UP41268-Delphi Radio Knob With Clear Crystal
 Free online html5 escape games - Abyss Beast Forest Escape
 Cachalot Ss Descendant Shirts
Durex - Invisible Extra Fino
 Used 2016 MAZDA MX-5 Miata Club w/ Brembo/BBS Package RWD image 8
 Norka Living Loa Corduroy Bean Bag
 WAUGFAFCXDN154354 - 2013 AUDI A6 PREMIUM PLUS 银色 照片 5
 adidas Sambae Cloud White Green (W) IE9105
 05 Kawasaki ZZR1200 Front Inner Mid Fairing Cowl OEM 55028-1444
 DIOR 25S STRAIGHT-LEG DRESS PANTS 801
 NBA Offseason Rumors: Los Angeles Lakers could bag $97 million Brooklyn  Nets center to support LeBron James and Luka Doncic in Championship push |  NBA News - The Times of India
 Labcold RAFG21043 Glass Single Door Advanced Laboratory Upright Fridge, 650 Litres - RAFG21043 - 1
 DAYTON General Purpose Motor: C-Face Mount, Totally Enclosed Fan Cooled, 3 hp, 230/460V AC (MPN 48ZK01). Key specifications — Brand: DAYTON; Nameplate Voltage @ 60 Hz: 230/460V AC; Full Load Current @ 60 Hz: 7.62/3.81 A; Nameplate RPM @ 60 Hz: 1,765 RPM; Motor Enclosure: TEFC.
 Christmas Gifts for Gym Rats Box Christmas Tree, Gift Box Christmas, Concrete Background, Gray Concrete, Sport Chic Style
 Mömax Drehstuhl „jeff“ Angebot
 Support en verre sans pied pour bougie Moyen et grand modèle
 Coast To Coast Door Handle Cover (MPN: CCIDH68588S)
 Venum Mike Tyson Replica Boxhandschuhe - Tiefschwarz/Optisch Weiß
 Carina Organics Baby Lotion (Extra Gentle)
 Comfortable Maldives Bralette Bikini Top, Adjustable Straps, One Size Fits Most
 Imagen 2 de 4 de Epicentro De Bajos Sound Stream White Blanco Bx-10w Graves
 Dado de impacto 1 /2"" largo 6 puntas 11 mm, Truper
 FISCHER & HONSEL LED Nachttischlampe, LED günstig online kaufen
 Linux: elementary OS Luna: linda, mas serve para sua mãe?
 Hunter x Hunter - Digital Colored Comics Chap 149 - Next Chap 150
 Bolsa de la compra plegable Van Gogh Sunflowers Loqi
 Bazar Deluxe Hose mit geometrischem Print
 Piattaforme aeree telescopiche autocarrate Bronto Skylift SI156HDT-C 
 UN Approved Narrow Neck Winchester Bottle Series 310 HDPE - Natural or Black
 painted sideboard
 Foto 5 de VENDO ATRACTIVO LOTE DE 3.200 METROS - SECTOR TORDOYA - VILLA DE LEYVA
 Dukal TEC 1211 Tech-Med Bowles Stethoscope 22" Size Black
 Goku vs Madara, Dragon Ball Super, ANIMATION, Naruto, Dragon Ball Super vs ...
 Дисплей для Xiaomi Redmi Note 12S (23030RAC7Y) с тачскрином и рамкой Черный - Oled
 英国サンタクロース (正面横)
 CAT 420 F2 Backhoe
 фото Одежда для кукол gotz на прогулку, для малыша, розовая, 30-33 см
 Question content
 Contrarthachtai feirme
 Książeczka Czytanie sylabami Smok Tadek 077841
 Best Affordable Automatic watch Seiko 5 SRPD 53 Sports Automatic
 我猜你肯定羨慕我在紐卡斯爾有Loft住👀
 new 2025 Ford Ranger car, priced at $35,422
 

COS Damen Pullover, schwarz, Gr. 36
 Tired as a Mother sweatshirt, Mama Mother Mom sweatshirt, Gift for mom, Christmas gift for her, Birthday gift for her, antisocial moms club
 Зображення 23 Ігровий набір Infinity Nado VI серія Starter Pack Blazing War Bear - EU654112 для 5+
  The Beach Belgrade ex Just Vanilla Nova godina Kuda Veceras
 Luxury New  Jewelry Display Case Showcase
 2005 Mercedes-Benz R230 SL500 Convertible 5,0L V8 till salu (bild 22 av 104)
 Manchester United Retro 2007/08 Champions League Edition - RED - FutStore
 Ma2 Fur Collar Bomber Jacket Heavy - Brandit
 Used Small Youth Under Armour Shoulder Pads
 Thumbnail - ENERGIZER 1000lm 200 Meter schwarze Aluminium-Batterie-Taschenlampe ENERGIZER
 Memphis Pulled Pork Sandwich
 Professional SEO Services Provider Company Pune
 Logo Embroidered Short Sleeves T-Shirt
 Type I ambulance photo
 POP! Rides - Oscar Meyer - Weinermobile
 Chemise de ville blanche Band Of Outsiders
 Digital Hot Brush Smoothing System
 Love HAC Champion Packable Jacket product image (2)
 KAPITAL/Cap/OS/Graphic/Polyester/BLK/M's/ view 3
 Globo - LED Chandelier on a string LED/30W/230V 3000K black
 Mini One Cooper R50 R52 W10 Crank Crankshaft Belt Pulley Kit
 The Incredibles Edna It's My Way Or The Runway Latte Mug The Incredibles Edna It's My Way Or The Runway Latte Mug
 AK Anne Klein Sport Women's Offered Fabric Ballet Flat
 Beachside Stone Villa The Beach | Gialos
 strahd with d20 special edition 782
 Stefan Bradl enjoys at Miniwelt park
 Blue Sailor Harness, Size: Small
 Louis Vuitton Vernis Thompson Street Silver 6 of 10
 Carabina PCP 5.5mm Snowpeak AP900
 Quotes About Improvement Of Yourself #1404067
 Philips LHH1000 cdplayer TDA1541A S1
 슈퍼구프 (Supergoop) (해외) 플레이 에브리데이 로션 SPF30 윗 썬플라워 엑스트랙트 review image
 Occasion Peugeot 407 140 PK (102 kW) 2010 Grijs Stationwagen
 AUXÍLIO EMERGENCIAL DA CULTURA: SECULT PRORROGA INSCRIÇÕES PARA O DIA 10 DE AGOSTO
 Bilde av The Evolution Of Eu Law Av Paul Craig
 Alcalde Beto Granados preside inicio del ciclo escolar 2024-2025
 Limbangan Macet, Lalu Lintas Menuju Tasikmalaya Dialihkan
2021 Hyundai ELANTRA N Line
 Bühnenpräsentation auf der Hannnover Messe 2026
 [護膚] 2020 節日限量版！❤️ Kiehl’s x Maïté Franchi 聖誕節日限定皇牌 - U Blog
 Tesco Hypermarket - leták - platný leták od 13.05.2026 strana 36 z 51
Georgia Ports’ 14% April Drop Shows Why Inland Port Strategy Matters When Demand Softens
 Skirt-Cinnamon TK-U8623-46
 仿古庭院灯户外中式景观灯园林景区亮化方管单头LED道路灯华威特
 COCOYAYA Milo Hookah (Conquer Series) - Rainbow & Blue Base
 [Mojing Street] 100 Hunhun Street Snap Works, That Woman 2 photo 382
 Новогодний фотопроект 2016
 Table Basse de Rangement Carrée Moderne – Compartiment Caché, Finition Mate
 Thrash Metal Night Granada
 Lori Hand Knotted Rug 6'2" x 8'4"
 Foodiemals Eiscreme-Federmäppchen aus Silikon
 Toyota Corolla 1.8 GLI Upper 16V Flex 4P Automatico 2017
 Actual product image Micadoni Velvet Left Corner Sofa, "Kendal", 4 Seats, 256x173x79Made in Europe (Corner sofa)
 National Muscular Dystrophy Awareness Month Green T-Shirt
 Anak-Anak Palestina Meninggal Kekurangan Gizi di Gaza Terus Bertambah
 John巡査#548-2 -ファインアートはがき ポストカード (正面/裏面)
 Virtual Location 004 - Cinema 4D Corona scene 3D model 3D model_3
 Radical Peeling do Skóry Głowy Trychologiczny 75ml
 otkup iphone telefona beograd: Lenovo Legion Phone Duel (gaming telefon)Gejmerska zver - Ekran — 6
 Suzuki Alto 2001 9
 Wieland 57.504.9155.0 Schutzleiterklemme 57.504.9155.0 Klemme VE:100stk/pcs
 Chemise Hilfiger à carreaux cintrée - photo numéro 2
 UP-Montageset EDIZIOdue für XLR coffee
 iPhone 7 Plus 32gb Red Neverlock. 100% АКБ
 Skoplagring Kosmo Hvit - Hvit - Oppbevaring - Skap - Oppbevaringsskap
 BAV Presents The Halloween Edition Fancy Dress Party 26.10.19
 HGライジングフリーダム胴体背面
* * *
Reproduce the lines of the entries above from the one with "Tired as a Mother" to the one with "Professional SEO Services", both included, exactly and without any other line.

 Tired as a Mother sweatshirt, Mama Mother Mom sweatshirt, Gift for mom, Christmas gift for her, Birthday gift for her, antisocial moms club
 Зображення 23 Ігровий набір Infinity Nado VI серія Starter Pack Blazing War Bear - EU654112 для 5+
  The Beach Belgrade ex Just Vanilla Nova godina Kuda Veceras
 Luxury New  Jewelry Display Case Showcase
 2005 Mercedes-Benz R230 SL500 Convertible 5,0L V8 till salu (bild 22 av 104)
 Manchester United Retro 2007/08 Champions League Edition - RED - FutStore
 Ma2 Fur Collar Bomber Jacket Heavy - Brandit
 Used Small Youth Under Armour Shoulder Pads
 Thumbnail - ENERGIZER 1000lm 200 Meter schwarze Aluminium-Batterie-Taschenlampe ENERGIZER
 Memphis Pulled Pork Sandwich
 Professional SEO Services Provider Company Pune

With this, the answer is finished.